# Hello from Norway



## sondreal (Feb 23, 2013)

Hello,
Im a 22 year old man from Norway, grown up by the sea, and always wanted to be on the sea. So Ive signed up for a sailing course over 4 weeks this summer.

So if anyone got a crew spot avaible for a beginner, and will be willing to teach me how to sail, and other basics just send me a PM, I can come to any corners of the world. Im also willing to pay for a opportunity like this.


----------



## jrd22 (Nov 14, 2000)

Welcome to SN sondreal! Hope you enjoy your sailing class, share some pictures here OK?


----------



## PCP (Dec 1, 2004)

Hi,

Welcome. There are some Nordic guys around, maybe you can get lucky, but I guess that will happen after everybody know you better. Have fun with your course and don't be a stranger.

regards

Paulo


----------



## Capt. Gary Randall (Jun 1, 2012)

hello Sondreal, welcome to SailNet. You'll find a lot of information here, as well as sailors from beginners to old salts! if you are looking to get a private message you need to get your post count up. So feel free to comment on other posts or start your own thread. Once you have so many posts then you can receive and send Pvt. messages. This is here so that you will not get any spam...... if there's any way I can help you let me know. CaptG


----------



## sondreal (Feb 23, 2013)

Thanks alot for a warm welcome! I didnt know that stuff about the post count to retrieve private messages, sorry. 

Yeah, I am looking forward to that sail course. I will take some pictures and share with you guys. 

I am currently looking for a robust, kinda cheap sailboat now,and it has to be easy to sail, not to big, and not too small.
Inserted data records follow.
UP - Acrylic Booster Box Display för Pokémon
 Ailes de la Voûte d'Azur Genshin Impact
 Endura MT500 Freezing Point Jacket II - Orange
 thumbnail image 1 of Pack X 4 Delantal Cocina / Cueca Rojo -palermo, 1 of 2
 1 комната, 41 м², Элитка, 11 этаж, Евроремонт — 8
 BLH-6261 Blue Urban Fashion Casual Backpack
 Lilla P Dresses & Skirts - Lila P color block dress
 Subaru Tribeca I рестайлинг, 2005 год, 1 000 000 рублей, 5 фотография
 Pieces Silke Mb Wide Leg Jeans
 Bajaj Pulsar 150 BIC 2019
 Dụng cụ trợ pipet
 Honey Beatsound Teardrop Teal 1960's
So if anyone have some tips on great beginner boats, that can take a beating and can handle some short trips I would really appriciate it.

Again, thanks alot for your feedback


----------



## PCP (Dec 1, 2004)

Size, budget and intended use would help


----------



## bljones (Oct 13, 2008)

Welcome aboard, sondreal. My wife's family is from Drammen.


----------



## sondreal (Feb 23, 2013)

PCP said:


> Size, budget and intended use would help


I dont know size, but I guess 26 feet or something. Budget 40.000$ , dont want to spend too much in my first boat, and Im not afraid to do some work on the boat. Do you know if it is any countries that is cheaper to get sailboats in? In Norway the boats are rather expensive.



bljones said:


> Welcome aboard, sondreal. My wife's family is from Drammen.


Thanks alot, I am from the western part of Norway, living on an island called Averøy.  Maybe you know Atlantic road? I live 300 meter from that road, so it's a really great place for boat life, diving and trips. Norway isnt the warmest country, but hey, we're vikings


----------



## pragyaware (Mar 2, 2013)

Hi Sondreal i am from India, i also love sea very much that why i visited God 3-4 times in a year but i never visit any i-land. I have wish to go there in future.


----------



## Capt. Gary Randall (Jun 1, 2012)

https://www.google.com/search?q=lea...z=1C1NNVC_enUS491US511&aq=1&oq=Learn+to+sail+


----------



## ShortCircuit (Jul 15, 2011)

Hi, Sondreal! My wife and I took a trip down the west coast two years ago and loved it. Her family comes from Trondheim. I'd live in Bergen or Oslo if I could; such beautiful cities, such friendly people.

If you make it out to Seattle, we'd be happy to take you out for a sail on Puget Sound. Plenty of inexpensive boats here, too.


----------